Task requirements>
The line containing "Gold Single Haze T-shirt" and every line after it, through the end of the records below, are to be reproduced exactly, with the pictures left out.

Excerpted records>
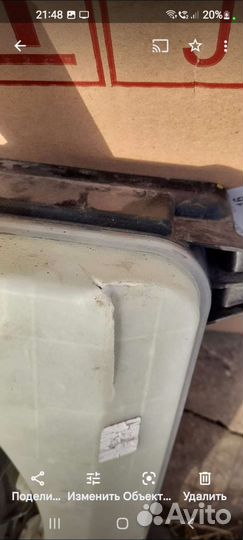 Кожух радиатора хюндай крета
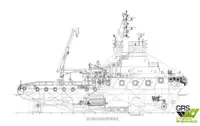 Schleppboot zu verkaufen
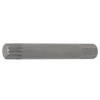 BGS Bit | Länge 75 mm | Antrieb Außensechskant 10 mm (3/8"") | Innenvielzahn (für XZN) M12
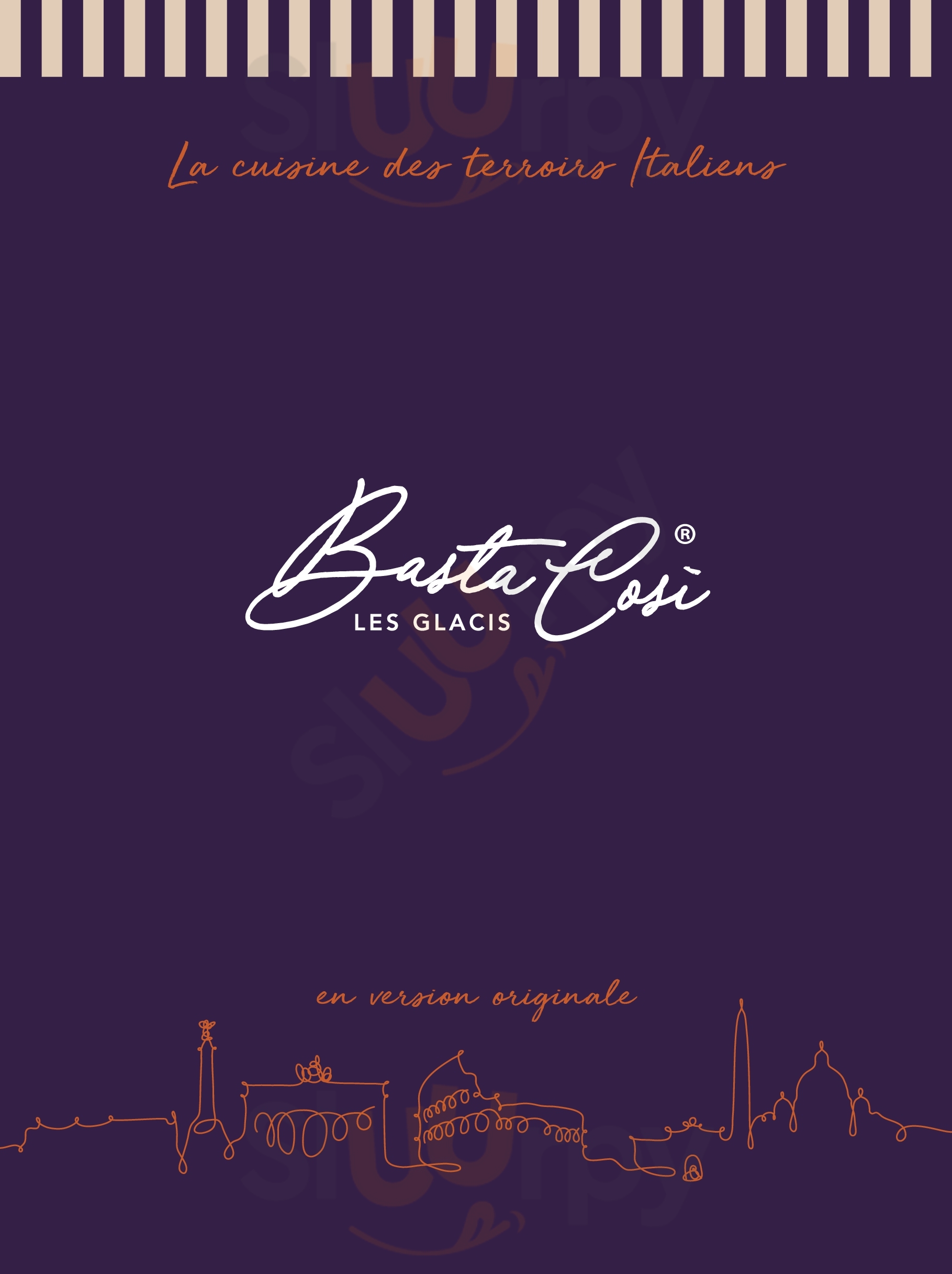 Restaurant Basta Cosi Luxembourg Menu - 1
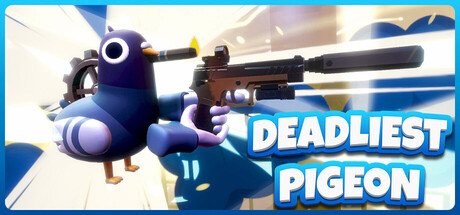 Deadliest Pigeon — Steam header
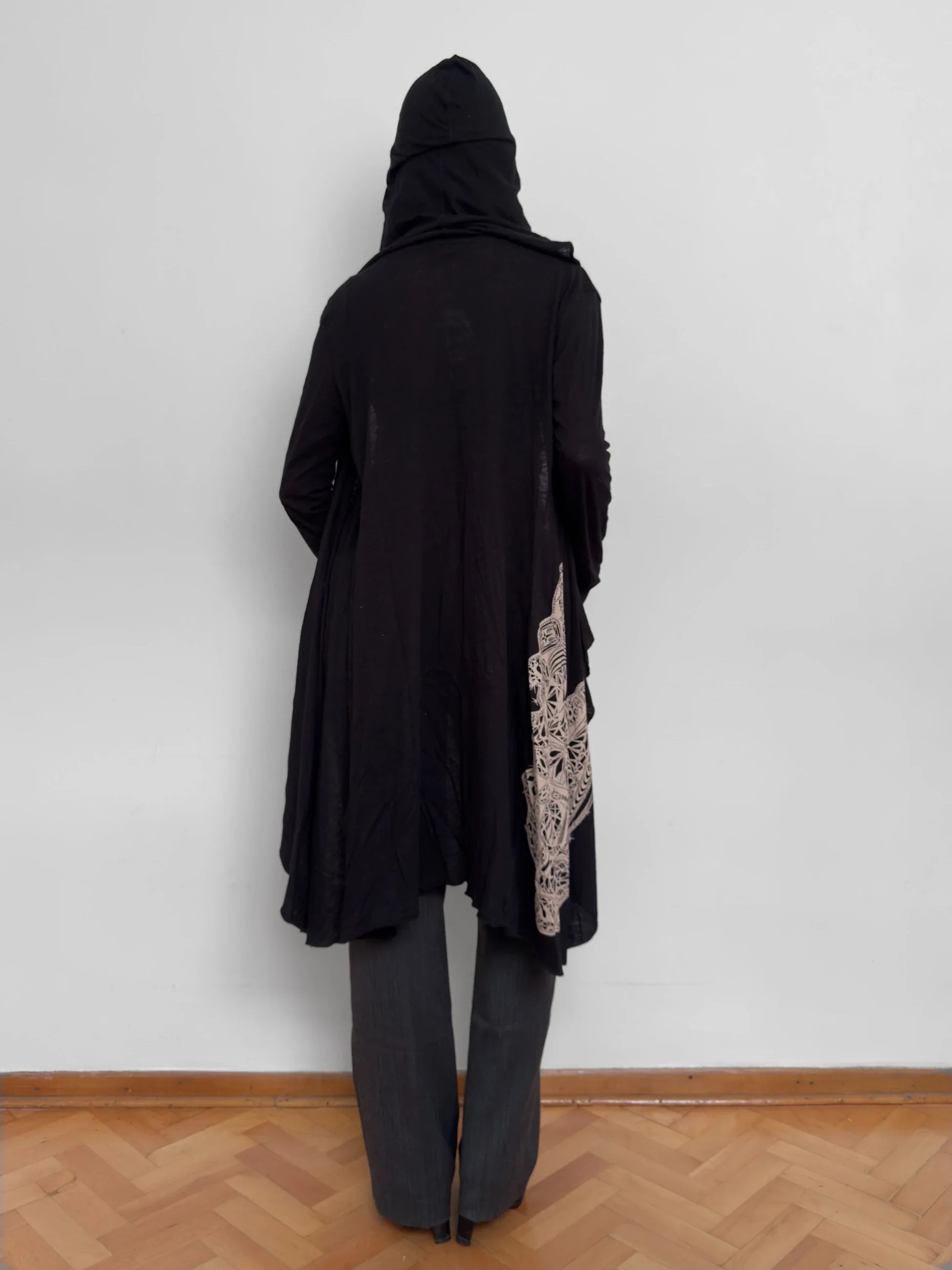 Roberto Cavalli Hooded Cardigan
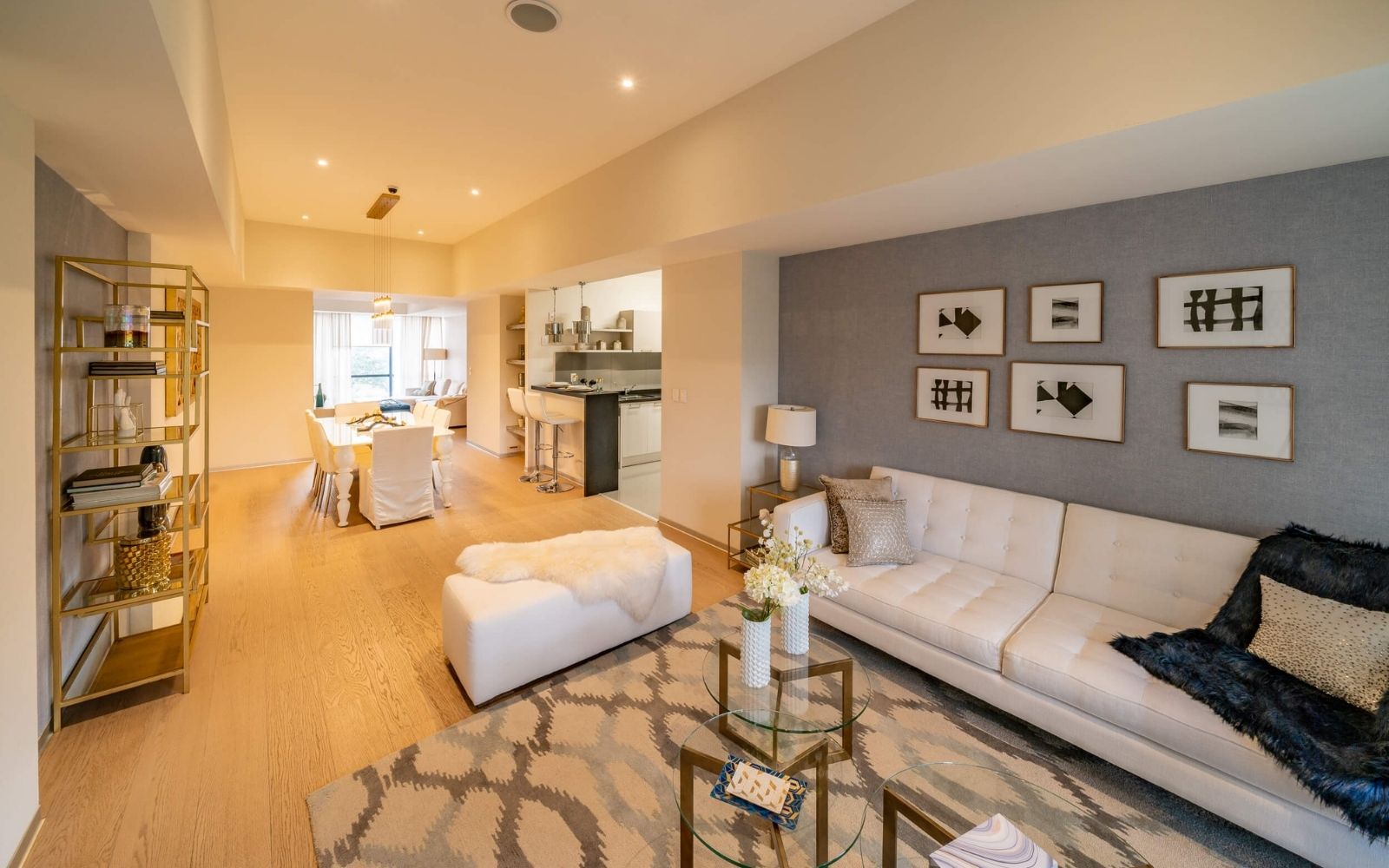 Apartment with rooftop and gym for sale in Miguel Hidalgo neighborhood, Mexico City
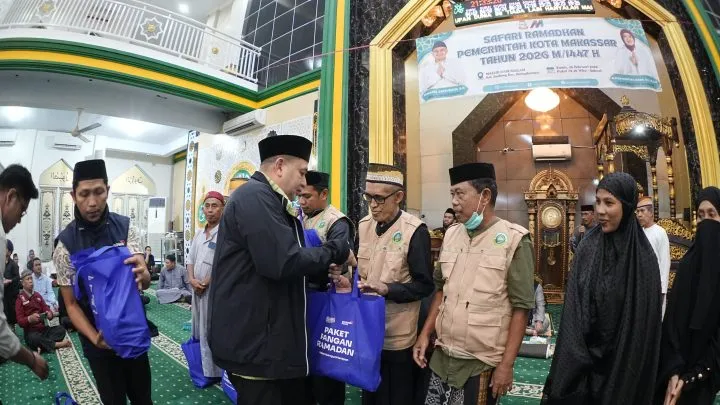 Munafri Ajak Masyarakat Jaga Kebersihan dan Ketertiban Selama Ramadan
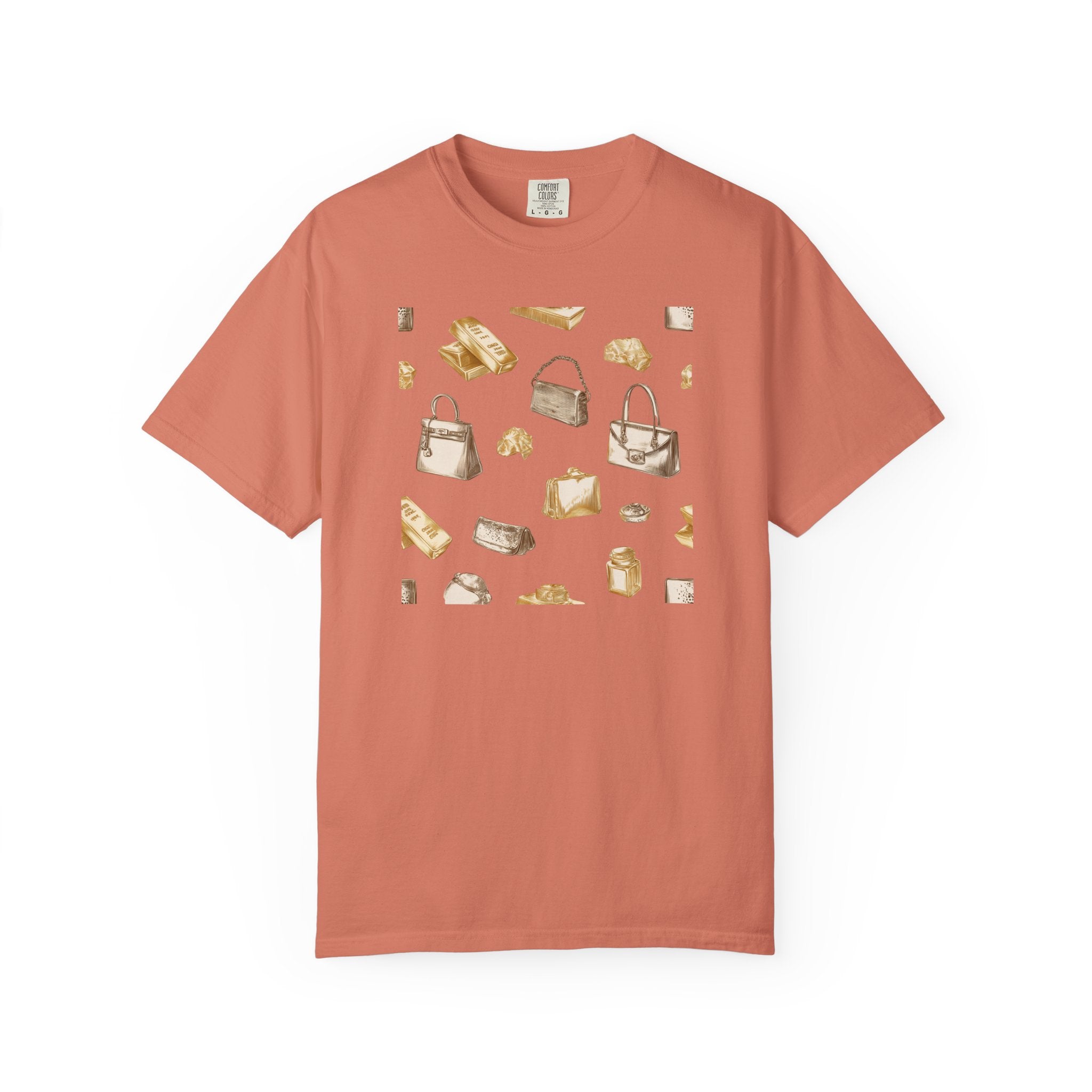 Gold Single Haze T-shirt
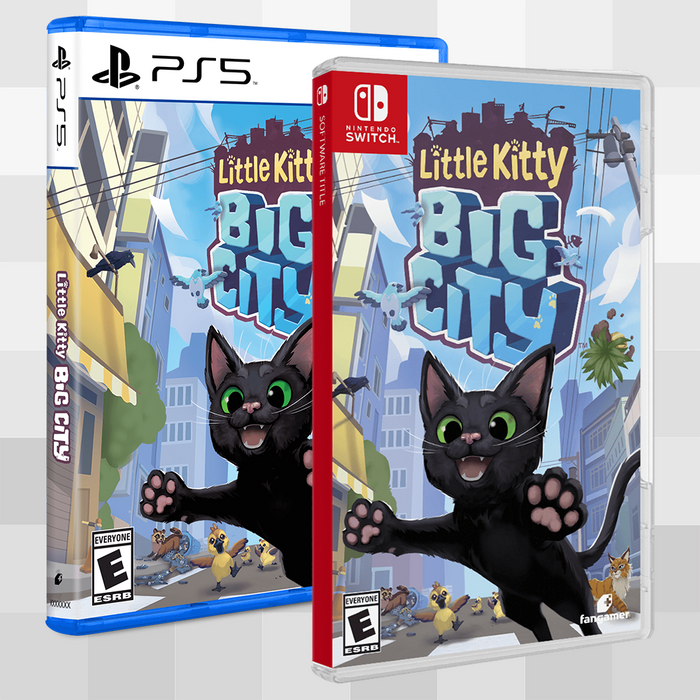 Little Kitty, Big City Standard Edition
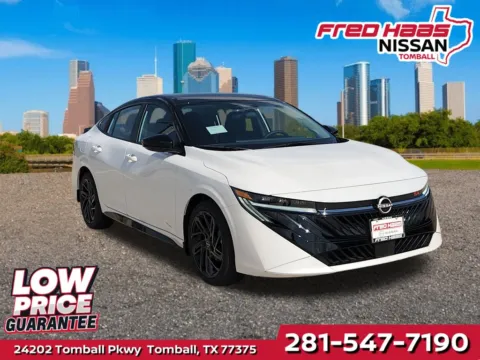 White 2027 Nissan Sentra SR for sale in Tomball, TX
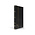 Insteekalbum A4, 16 bladzijden (Wit) - 9 stroken - Zwart - serie Basic, Kunstleder - afm: 230 x 305 x 20 ■ per st.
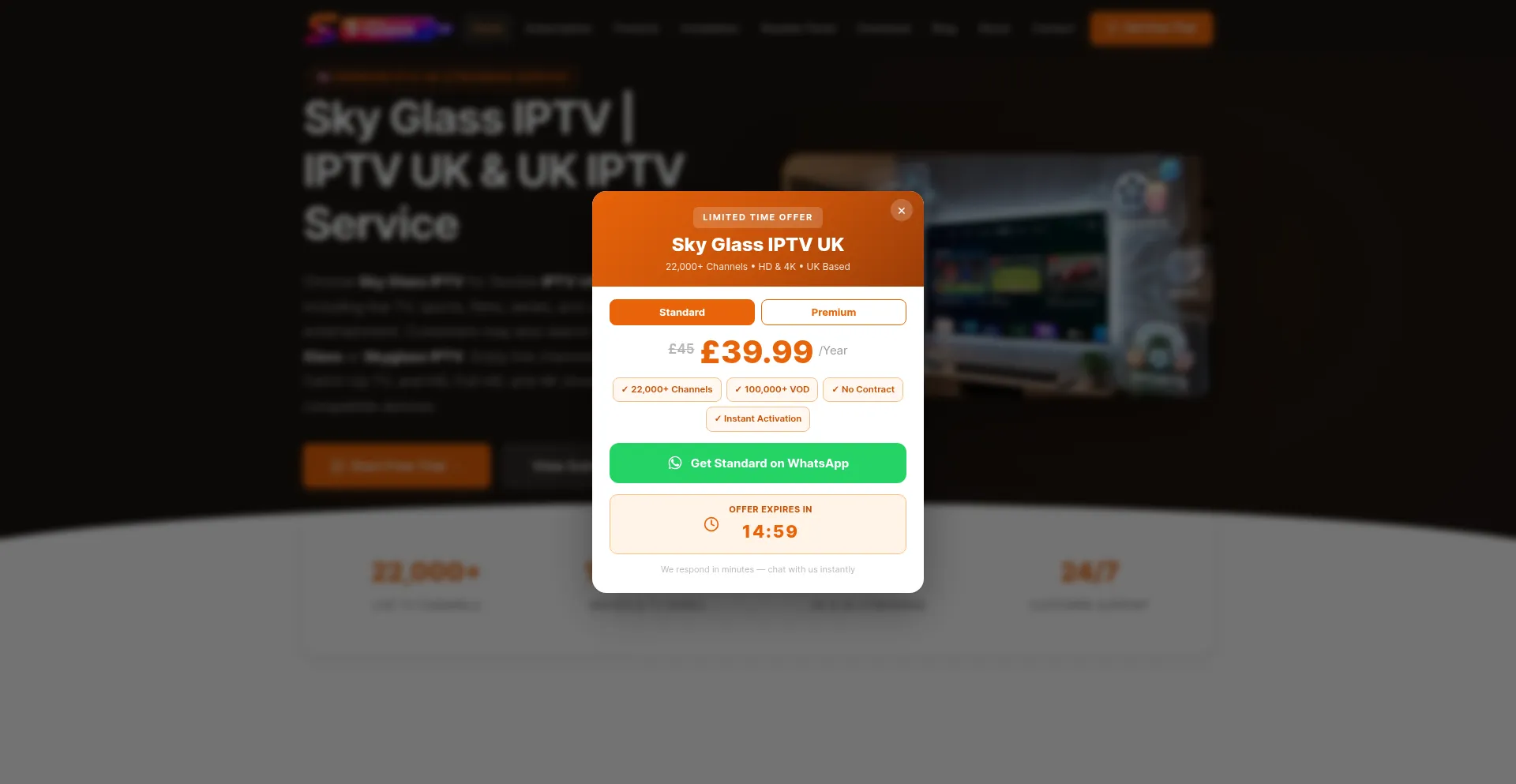 Skyglassiptv.uk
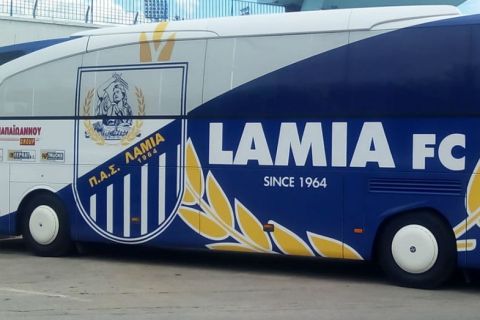 Το νέο εντυπωσιακό λεωφορείο της Λαμίας!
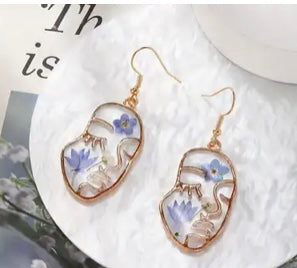 Lady Floral Earrings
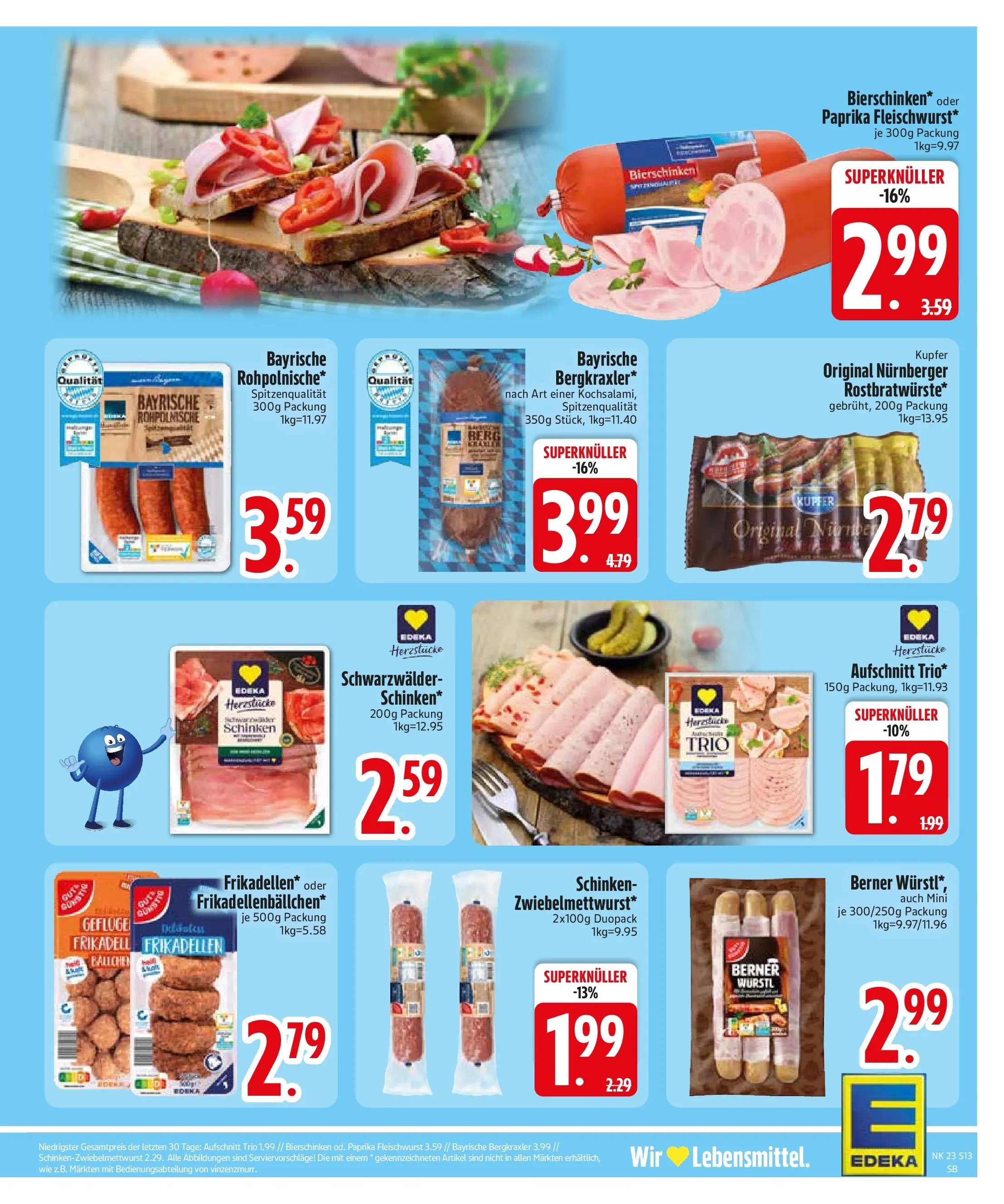 Edeka prospekt Bodenkirchen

Written reply>
 Gold Single Haze T-shirt
 Little Kitty, Big City Standard Edition
 White 2027 Nissan Sentra SR for sale in Tomball, TX
 Insteekalbum A4, 16 bladzijden (Wit) - 9 stroken - Zwart - serie Basic, Kunstleder - afm: 230 x 305 x 20 ■ per st.
 Skyglassiptv.uk
 Το νέο εντυπωσιακό λεωφορείο της Λαμίας!
 Lady Floral Earrings
 Edeka prospekt Bodenkirchen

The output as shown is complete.